From G.K. Chesterton’s St. Thomas Aquinas:
The new Paris ultimately left behind by St. Louis must have been a thing white like lilies and splendid as the oriflamme. It was the beginning of the great new thing: the nation of France, which was to pierce and overpower the old quarrel of Pope and Emperor in the lands from which Thomas came. But Thomas came very unwillingly and, if we may say it of so kindly a man, rather sulkily. As he entered Paris, they showed him from the hill that splendour of new spires beginning, and somebody said something like, “How grand it must be to own all this.” And Thomas Aquinas only muttered, “I would rather have that Chrysostom manuscript I can’t get hold of.”
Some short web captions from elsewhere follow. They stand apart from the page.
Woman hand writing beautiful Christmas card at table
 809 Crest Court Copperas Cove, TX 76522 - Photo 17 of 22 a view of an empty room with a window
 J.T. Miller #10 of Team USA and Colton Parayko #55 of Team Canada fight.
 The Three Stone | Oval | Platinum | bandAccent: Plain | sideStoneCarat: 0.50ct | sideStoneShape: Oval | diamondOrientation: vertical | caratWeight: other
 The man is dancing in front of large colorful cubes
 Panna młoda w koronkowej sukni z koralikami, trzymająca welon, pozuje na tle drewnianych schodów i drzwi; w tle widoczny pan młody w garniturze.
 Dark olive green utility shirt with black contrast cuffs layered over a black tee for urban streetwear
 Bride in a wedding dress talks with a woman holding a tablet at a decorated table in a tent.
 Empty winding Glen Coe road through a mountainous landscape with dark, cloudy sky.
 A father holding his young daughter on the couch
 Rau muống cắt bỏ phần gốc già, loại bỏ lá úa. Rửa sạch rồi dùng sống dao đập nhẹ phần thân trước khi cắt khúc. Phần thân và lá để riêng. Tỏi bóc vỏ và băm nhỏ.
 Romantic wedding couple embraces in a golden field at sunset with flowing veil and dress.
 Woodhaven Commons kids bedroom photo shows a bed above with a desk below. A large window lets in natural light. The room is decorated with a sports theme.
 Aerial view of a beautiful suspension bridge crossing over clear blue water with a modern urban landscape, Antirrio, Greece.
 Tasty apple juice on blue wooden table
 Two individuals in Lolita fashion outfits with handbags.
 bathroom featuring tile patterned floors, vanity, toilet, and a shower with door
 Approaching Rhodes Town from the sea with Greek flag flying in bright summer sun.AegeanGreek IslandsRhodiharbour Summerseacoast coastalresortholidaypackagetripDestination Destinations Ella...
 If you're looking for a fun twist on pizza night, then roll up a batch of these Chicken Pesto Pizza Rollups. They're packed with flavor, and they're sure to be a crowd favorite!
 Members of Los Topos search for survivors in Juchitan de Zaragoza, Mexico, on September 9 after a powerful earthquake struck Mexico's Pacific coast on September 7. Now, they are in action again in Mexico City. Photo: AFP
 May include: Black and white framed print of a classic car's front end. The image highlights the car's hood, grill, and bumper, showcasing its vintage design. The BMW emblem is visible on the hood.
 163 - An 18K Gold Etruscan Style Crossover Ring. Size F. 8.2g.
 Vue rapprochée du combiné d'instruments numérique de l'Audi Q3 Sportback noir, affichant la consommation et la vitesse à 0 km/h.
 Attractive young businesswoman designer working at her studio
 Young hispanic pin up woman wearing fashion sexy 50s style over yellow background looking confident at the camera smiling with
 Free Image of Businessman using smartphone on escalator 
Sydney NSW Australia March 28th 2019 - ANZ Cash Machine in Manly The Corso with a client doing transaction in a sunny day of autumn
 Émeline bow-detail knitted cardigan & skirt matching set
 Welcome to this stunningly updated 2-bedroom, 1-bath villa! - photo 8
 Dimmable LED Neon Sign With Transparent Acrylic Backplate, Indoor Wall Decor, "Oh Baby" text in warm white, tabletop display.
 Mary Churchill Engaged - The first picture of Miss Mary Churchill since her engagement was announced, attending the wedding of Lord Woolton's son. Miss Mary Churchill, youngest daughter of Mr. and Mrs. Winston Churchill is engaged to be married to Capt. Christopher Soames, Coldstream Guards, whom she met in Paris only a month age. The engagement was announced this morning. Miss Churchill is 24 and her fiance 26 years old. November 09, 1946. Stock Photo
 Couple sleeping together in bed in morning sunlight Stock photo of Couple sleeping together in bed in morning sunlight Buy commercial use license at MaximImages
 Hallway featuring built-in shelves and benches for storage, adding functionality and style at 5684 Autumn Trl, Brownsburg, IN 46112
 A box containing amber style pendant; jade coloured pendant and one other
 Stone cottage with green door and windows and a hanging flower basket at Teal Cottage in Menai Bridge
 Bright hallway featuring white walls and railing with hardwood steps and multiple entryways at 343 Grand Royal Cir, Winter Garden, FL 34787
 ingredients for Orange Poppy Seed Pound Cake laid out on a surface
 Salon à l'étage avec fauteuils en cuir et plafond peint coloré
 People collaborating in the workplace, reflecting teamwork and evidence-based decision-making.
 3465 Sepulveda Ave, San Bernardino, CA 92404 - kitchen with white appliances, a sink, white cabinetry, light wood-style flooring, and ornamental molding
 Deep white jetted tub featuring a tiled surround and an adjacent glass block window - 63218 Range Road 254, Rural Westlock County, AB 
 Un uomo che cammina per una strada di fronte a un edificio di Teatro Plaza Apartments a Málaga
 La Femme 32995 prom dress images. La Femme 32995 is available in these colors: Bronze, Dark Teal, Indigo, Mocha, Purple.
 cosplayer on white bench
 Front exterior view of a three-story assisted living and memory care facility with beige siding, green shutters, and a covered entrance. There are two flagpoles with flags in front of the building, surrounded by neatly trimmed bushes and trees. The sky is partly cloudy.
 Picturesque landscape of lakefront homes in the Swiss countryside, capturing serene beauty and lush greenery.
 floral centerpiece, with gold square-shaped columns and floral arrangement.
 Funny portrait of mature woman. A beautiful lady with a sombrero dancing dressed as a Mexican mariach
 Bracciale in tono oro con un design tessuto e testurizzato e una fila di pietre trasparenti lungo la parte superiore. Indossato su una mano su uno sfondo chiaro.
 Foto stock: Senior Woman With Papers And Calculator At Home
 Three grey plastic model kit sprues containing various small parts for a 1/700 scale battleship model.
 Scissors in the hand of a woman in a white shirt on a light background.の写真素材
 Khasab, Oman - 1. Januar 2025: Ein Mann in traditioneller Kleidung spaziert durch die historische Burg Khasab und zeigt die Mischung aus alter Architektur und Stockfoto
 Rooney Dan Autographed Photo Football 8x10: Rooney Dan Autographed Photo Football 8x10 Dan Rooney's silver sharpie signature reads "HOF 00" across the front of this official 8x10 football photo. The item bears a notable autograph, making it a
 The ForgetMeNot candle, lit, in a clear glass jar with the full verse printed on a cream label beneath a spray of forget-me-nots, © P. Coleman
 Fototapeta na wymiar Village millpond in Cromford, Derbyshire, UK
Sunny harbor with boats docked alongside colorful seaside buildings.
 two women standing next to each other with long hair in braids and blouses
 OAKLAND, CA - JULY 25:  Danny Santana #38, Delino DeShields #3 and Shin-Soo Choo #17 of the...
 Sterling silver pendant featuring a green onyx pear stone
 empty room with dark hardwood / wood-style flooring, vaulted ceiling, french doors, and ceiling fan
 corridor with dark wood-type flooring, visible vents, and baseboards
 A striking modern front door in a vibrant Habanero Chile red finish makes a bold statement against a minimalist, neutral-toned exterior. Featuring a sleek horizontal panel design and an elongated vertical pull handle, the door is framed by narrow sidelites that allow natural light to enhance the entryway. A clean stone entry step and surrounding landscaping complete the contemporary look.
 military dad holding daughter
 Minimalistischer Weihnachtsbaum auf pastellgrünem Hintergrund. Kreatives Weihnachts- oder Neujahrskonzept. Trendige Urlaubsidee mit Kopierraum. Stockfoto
This seems a near universal anecdote in the various vitae of Aquinas, though Chesterton, in typical fashion, polishes it up a bit from the drier phrasing of the originals, one of which is as follows:
“Once, coming from Saint Denis with his students, where he had gone to visit the holy relics and that holy college of monks, and when he had seen the city of Paris right at hand, his students said to him, thinking they would hear some edifying reply: “Master, see how beautiful a city Paris is! Would you wish to be lord of this city?” He responded: “With more pleasure would I have the homilies of Chrysostom on the Gospel of Saint Matthew. For this city, if it were mine, would, on account of the concern given to ruling, carry off the contemplation of divine matters and inhibit the consolation of the soul.”(William of Tocco, Ystoria sancti Thome de Aquino 42, written 1323)
“semel ueniens de sancto Dyonisio cum suis studentibus, quo iuerat sanctorum reliquias et sanctum illud monachorum collegium uisitare, et uidisset de propinquo ciuitatem Parisiensem, dixerunt ei studentes: ‘Magister, uidete quam pulchra ciuitas est Parisius! Velletis esse dominus huius ciuitatis?’, credentes ab eo aliquod uerbum edificationis audire. Qui respondit: ‘Libentius uellem habere Omelias Chrisostomi super Euangelium beati Mathei. Ciuitas enim hec si esset mea, propter curam regiminis contemplationem michi diuinorum eriperet et consolationem animi impediret.'”
The homilies on Matthew do exist today, but I haven’t taken the time to figure out whether Aquinas simply couldn’t get a copy or whether (which seems unlikely, given the prominence of Chrysostom) they had been lost to circulation in the period.